The end of another excavation at Aldborough. It’s always a strange time. After spending weeks closely working with a big group of people, everyone disperses. The minutiae of trench, known in such good detail, buried once more. This has been a very happy dig. The archaeology has been a treat, both answering some questions whilst asking so many more. But perhaps the thing that has most defined it for us were the people.
This year we were joined by 25 dedicated and wonderful volunteers, who worked closely with us in the trench and the finds tent. It is always so interesting hearing how people have come to be interested in archaeology, and the aspects of the dig they find most inspiring. There is a pooling of knowledge and skills on site, and conversations wandered from archaeology, to art, osteology, travel, flying, mudlarking, cookery….. For us, it reinvigorates the task in hand; archaeology is about people, both in the past and the present. And it is about forming community – a shared sense of purpose and discovery.
We also welcomed local primary schools to the site this year. At the excavation, pupils could see what we were doing before sieving for finds, and washing what they found. Site became animated with enthusiastic hoots of “I’ve found a tooth – a TOOTH!” and “look at my pottery!”. The children then visited the English Heritage museum, where the Friends of Roman Aldborough organised other activities.

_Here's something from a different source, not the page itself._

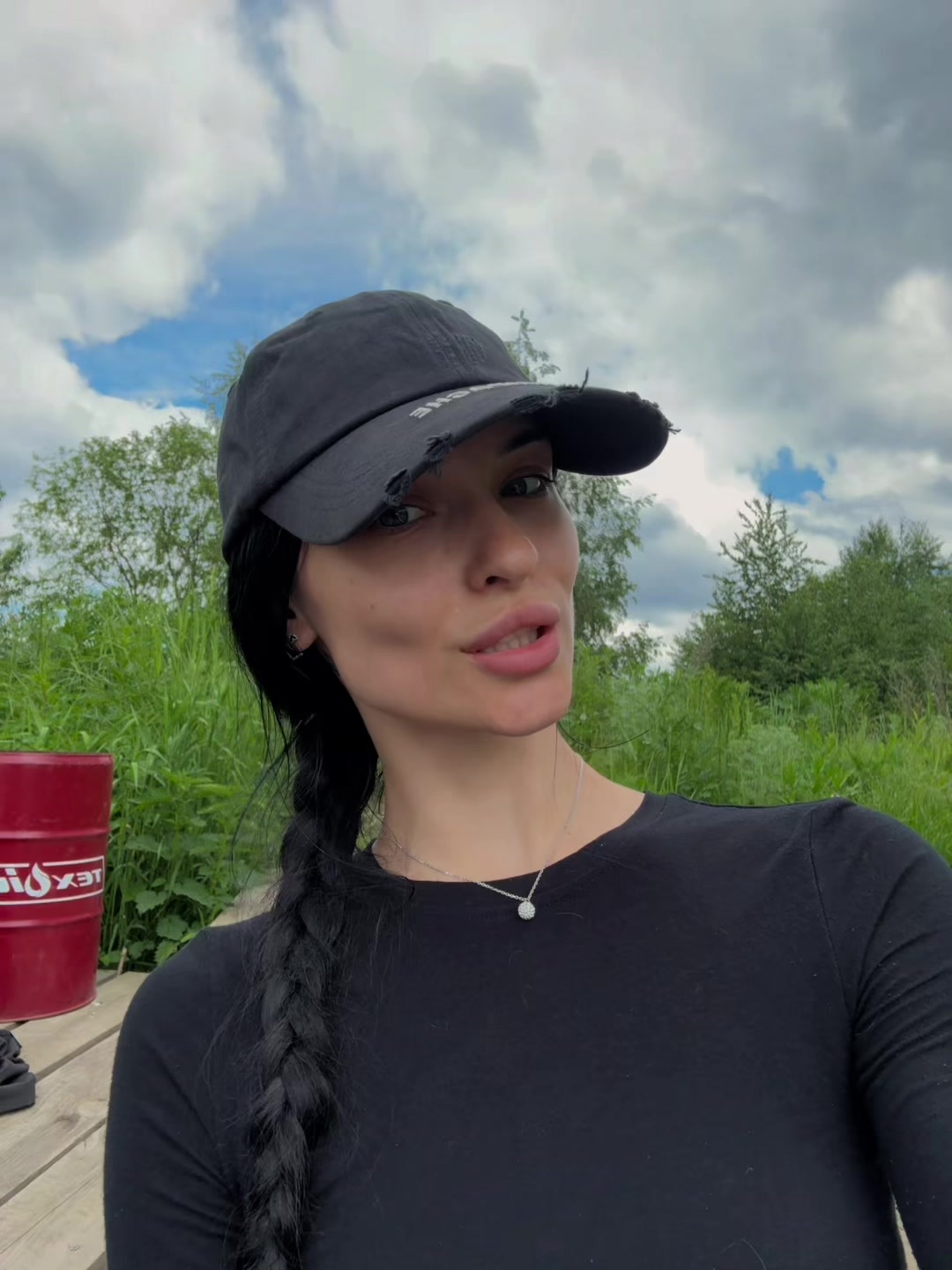 @Anastasia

Many of the kids brought their parents to the Open Day to see the dig for themselves.
The Open Day was a success despite the morning rain. We welcomed 160 visitors on hourly tours between 11 – 3 o’clock. They were given an introduction to the site, a tour of the trench, and were shown some of the key finds from the dig.

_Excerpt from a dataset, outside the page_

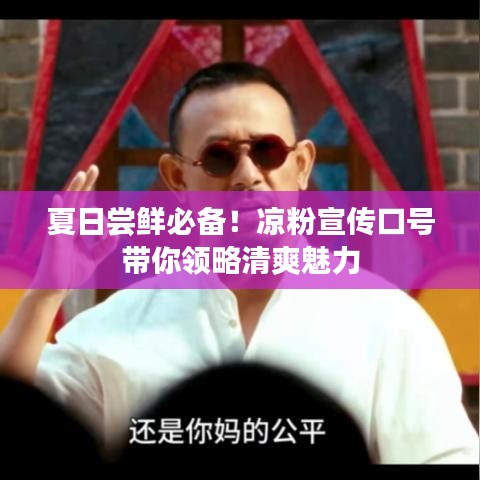 夏日尝鲜必备!凉粉宣传口号带你领略清爽魅力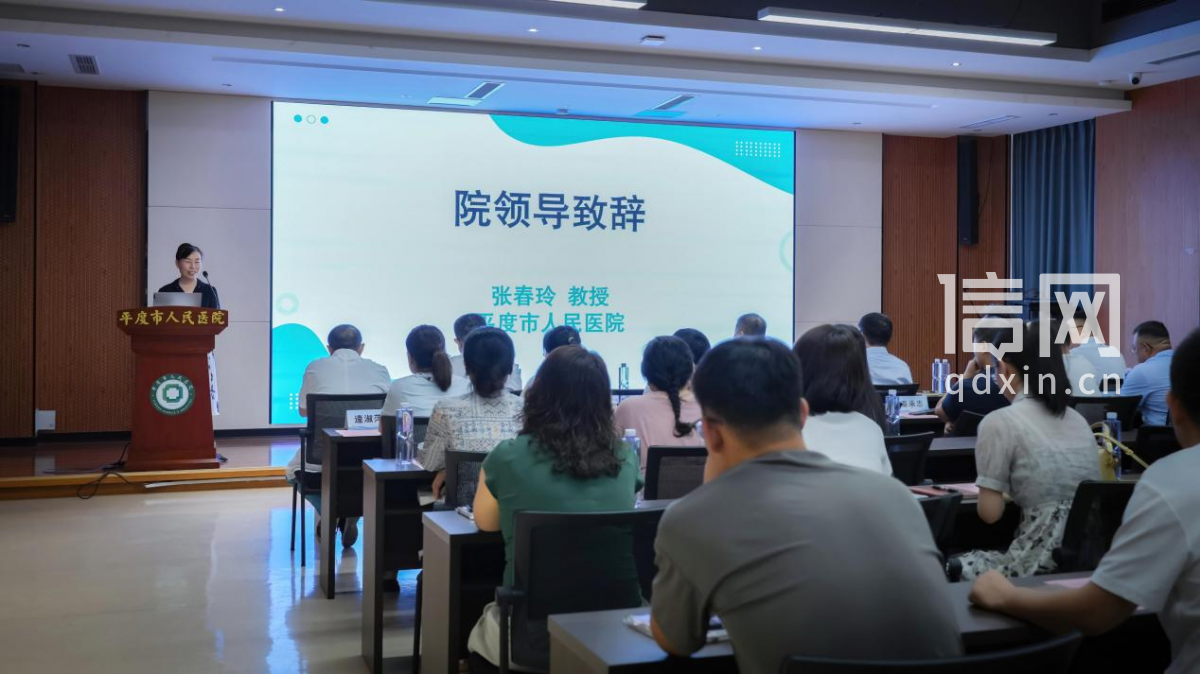 县域医共体麻醉质量安全同质化管理培训班顺利举办。（来源：平度市人民医院）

For the first time this year we ran a weekly podcast SOUNDING ALDBOROUGH (see the ‘podcasts’ page). We had listeners tuning in from all round the world, following the progress of the dig, and interviews with specialists and volunteers on site. Do have a listen if you haven’t had chance yet!
SOUNDMARKS, Rose and Rob’s new Arts Council funded art project at the site launched during the excavations. Sound and visual art will be used to explore the sub-surface landscape at Aldborough. The collaboration will result in an exhibition, sound installation, book publication, interactive sound map, short film, and public workshops in mid/late 2019. Keep up to date with events and follow the blogat www.soundmarks.co.uk
So what now? Well, we hope to be back in 2020! In the meantime, we have an office full of finds waiting to go to specialists, data to sort and reports to write. And we’ll keep remembering that blissful 5 weeks in a Yorkshire meadow.